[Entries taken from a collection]
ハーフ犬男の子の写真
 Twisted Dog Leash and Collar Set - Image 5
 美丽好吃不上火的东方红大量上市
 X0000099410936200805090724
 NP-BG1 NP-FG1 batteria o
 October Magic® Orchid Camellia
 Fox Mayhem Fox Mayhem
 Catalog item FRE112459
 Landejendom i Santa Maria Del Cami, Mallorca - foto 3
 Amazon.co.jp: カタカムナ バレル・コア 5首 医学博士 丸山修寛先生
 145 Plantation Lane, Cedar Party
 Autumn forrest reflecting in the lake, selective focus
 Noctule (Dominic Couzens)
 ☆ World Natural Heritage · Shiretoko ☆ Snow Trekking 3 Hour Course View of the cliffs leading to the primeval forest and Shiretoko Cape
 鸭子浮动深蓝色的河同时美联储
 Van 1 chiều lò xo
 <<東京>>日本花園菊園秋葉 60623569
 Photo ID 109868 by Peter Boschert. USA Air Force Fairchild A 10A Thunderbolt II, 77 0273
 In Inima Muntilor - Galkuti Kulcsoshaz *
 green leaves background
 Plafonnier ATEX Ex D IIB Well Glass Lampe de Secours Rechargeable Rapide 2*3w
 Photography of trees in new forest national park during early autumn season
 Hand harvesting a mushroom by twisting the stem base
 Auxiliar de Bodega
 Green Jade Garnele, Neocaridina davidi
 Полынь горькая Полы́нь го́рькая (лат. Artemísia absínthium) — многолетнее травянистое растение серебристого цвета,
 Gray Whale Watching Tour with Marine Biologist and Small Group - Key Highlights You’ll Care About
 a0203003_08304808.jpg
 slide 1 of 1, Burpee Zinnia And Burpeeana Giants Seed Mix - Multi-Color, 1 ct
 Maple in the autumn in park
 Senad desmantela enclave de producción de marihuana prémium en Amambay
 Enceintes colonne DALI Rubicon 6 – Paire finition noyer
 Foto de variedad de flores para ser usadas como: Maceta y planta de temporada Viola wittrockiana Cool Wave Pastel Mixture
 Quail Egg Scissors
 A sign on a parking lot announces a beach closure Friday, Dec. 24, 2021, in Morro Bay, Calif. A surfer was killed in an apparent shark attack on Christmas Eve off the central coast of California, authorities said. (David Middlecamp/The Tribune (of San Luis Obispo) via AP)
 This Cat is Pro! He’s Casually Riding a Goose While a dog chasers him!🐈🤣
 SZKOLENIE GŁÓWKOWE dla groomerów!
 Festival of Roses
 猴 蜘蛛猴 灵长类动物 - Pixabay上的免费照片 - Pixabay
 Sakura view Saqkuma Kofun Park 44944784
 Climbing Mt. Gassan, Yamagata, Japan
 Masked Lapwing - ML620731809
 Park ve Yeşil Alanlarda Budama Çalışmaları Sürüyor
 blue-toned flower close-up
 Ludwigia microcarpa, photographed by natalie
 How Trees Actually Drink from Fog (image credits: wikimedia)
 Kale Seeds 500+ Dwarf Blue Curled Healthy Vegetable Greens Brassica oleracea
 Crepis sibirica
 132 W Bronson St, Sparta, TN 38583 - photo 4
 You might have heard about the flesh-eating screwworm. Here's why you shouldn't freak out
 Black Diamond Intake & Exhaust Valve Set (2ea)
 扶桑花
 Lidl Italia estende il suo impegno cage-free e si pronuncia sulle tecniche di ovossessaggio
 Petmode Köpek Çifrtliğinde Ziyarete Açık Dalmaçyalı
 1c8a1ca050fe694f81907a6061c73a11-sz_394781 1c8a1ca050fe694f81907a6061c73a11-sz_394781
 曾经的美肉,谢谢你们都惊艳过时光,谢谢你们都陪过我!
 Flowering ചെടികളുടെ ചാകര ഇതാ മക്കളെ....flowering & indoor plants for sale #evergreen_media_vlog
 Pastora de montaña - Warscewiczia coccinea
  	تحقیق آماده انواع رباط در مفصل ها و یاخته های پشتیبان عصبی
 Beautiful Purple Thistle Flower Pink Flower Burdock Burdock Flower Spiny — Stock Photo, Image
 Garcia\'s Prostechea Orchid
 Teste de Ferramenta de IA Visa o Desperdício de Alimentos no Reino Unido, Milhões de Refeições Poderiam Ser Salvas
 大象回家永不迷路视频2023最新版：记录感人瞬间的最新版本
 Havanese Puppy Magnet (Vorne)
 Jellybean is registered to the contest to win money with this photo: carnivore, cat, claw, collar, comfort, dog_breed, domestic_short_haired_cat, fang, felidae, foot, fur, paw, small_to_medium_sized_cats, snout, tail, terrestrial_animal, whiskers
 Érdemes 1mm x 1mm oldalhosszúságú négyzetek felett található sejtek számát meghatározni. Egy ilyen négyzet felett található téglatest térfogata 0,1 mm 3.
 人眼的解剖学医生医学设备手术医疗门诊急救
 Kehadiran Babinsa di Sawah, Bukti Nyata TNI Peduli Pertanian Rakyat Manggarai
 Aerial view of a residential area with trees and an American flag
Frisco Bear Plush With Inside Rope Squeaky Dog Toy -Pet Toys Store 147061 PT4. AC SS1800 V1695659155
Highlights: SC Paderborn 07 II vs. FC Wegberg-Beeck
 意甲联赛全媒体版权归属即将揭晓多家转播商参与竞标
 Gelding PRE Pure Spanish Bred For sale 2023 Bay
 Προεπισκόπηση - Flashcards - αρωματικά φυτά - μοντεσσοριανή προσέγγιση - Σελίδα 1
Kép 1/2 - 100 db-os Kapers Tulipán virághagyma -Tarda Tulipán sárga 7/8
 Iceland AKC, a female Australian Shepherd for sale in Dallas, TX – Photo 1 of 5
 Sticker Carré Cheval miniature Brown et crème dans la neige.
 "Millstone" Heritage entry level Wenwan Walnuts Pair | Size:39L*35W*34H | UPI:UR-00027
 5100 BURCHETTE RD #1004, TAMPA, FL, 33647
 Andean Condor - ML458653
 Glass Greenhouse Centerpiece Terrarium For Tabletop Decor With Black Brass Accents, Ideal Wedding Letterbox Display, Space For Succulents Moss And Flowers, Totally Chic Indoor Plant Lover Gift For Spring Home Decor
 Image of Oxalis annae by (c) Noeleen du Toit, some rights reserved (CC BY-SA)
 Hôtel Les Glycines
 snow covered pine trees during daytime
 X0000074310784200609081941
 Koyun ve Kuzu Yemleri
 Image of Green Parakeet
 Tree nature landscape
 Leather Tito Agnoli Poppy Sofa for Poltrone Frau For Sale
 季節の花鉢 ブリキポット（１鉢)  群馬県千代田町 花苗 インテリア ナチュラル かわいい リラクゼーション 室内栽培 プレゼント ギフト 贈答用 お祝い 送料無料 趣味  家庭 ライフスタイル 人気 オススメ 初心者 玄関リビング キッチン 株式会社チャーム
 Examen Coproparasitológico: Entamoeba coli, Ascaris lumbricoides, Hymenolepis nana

◆ Assigned task ◆
From the line that contains "5100 BURCHETTE RD #1004, TAMPA, FL, 33647" through the end of the records above, print every line exactly and nothing else.

◆ Result for this task ◆
 5100 BURCHETTE RD #1004, TAMPA, FL, 33647
 Andean Condor - ML458653
 Glass Greenhouse Centerpiece Terrarium For Tabletop Decor With Black Brass Accents, Ideal Wedding Letterbox Display, Space For Succulents Moss And Flowers, Totally Chic Indoor Plant Lover Gift For Spring Home Decor
 Image of Oxalis annae by (c) Noeleen du Toit, some rights reserved (CC BY-SA)
 Hôtel Les Glycines
 snow covered pine trees during daytime
 X0000074310784200609081941
 Koyun ve Kuzu Yemleri
 Image of Green Parakeet
 Tree nature landscape
 Leather Tito Agnoli Poppy Sofa for Poltrone Frau For Sale
 季節の花鉢 ブリキポット（１鉢)  群馬県千代田町 花苗 インテリア ナチュラル かわいい リラクゼーション 室内栽培 プレゼント ギフト 贈答用 お祝い 送料無料 趣味  家庭 ライフスタイル 人気 オススメ 初心者 玄関リビング キッチン 株式会社チャーム
 Examen Coproparasitológico: Entamoeba coli, Ascaris lumbricoides, Hymenolepis nana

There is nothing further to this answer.